Fronting: the acceptable face of insurance fraud
During the insurance application stage, 'fronting' happens when someone buying car insurance claims to be a named driver on a policy when in fact they are the main driver for the vehicle.
So why do they do it? A younger driver can reduce the cost of their car insurance by declaring someone older or more experienced is the main driver for a car. The premium is then calculated based on the experienced 'front' being the main driver when in fact it is the younger driver who is the primary user of the vehicle.
As the young/inexperienced driver is misrepresenting facts for financial gain, it is clear they are committing fraud. However, if you talk with someone from outside the insurance industry about fronting two things tend to happen.
1) They are genuinely surprised to hear it is classed as insurance fraud.
2) Their immediate next response is ".....but everyone does it".
So how widespread is fronting, what are the implications and what can be done to either detect or prevent it?
The frequency of fronting
Though difficult to detect, it is believed that fronting occurs in 20-25% of policies for young drivers.
In August this year, GoCompare commissioned a study into fronting in the UK and found the following:
23% of parents surveyed admitted to insuring a young driver's car in their name
The figure was 41% for Wales which has the highest rate of fronted policies in the UK
56% of parents said they would consider being named as the main driver for cheaper insurance
The high figures can possible be attributed to the fact that most people think it is harmless and they are not committing fraud.

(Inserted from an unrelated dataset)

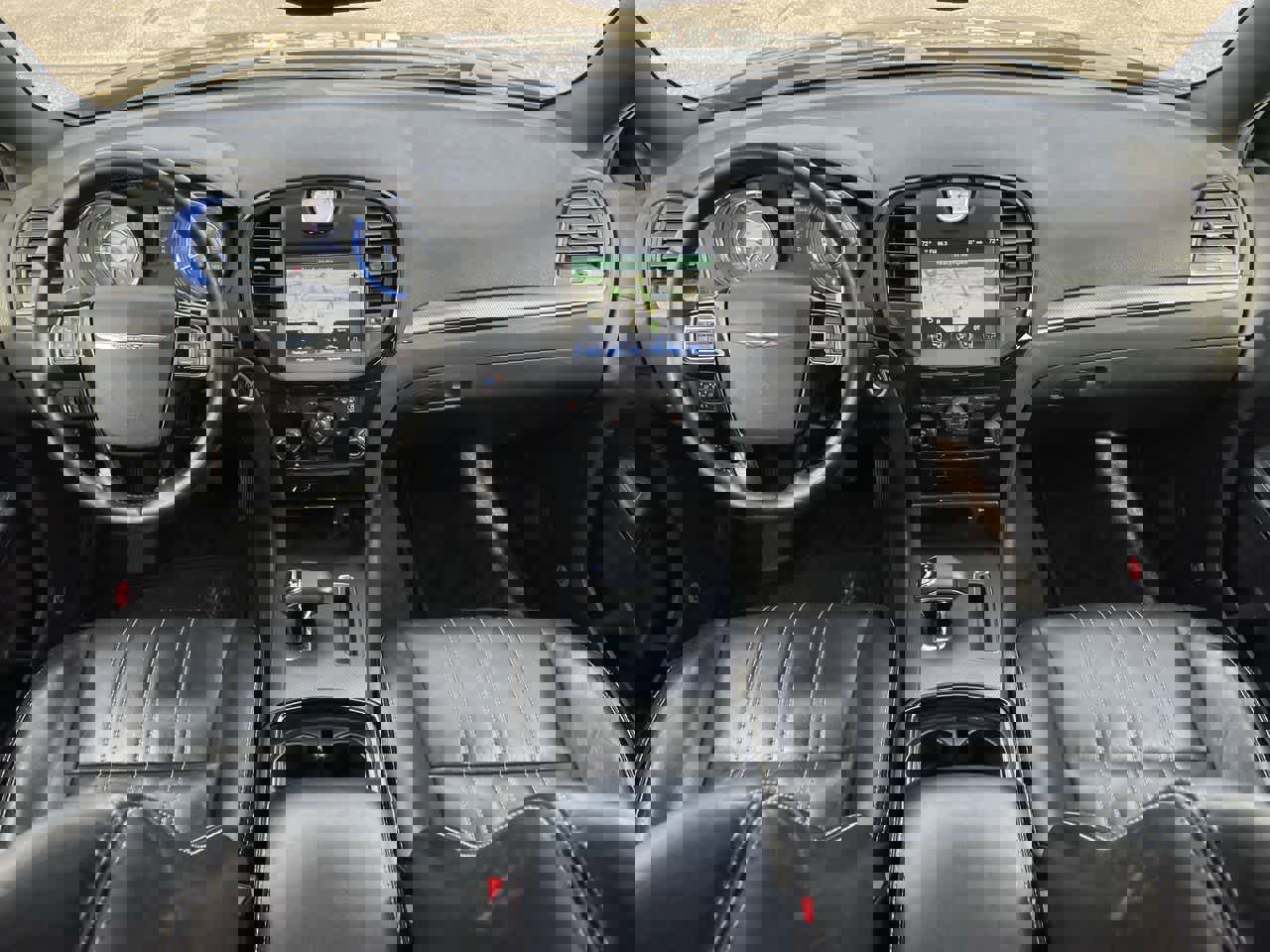 Used 2013 Chrysler 300 S image 22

Recent research by YouGov in the UK found that 90% of respondents did not know fronting was a type of insurance fraud.
The most recent study on fronting in Ireland was carried out by the AA in 2017. They reported the following:
4.5% of parents admitted they are listed as the main driver for their sons or daughters car
A further 9% of parents admitted to fronting in the past
17.6% said they would be tempted to do it
Parents aged between 46 and 55 were most likely to have having done it or would consider doing it
These figures appear to be low when compared with the UK but may understate the issue as the study is over 5 years old and was carried out by the company the respondents bought insurance from (rather than an independent third party).

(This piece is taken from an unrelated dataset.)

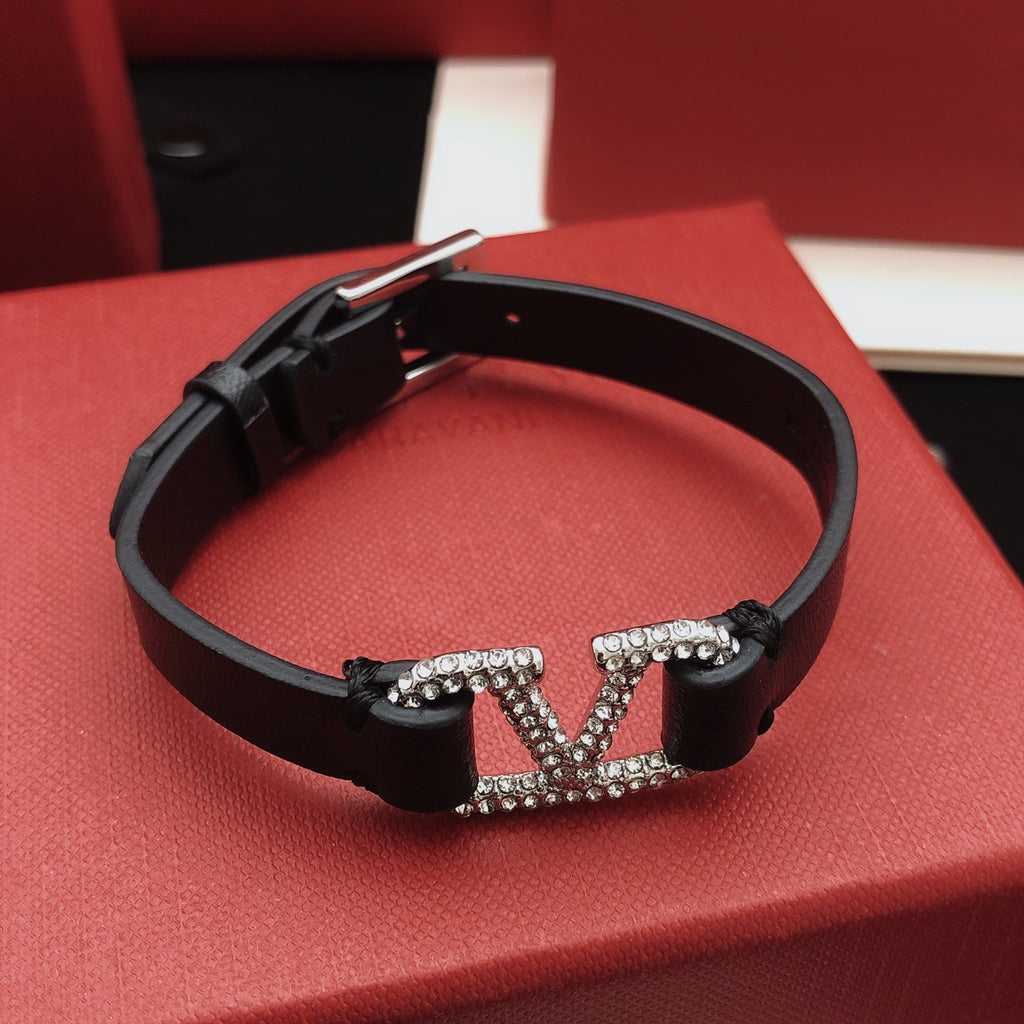 Signature Emblem Bracelet in Gold-Tone – Black – Design 02 styled detail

The repercussions of fronting
If fronting has occurred, it will most likely not be discovered until a claim is made. If the insurer concludes that fronting has occurred then some or all of the following can happen:
the policy will be cancelled and this will impact the cost of any future policies
the insurer will not pay for the damage to the vehicle and the main driver (often the parent) will be liable for the cost
If there are third parties involved then the insurer will pay the claim and look to recoup it from the main driver on listed on the policy
the main driver may get a conviction for insurance fraud
the main driver will be added to the insurance fraud register (UK only)
Detection and prevention
Fronting is most likely to be discovered when a claim is made. If the insurer suspects fronting they may initiate an investigation to confirm who was driving the car when the accident occurred, who is the registered owner of the vehicle and if there is any CCTV footage showing who regularly drives the car.
Ideally it would be easier to identify potential fronting when the policy is being bought. This can be done by integrating with Gatepost to capture the Vehicle Registration Certificate during the quote process and verify the vehicle owner.
A more manual process is to request a copy of the Vehicle Registration Certificate after the policy is bought but this creates friction with the customer and increases onboarding costs for insurers and brokers.
'Fronting' is one of the biggest problems facing the car insurance industry. It is very difficult to detect at the point of quote and is often not uncovered until a claim is made.
Fronting can also be considered to be the acceptable face of insurance fraud as it is not seen as being a type of fraud by the majority of people. One of the simplest and possible most effective ways of reducing fronting may be simply to educate people about it and the potential implications if they are caught.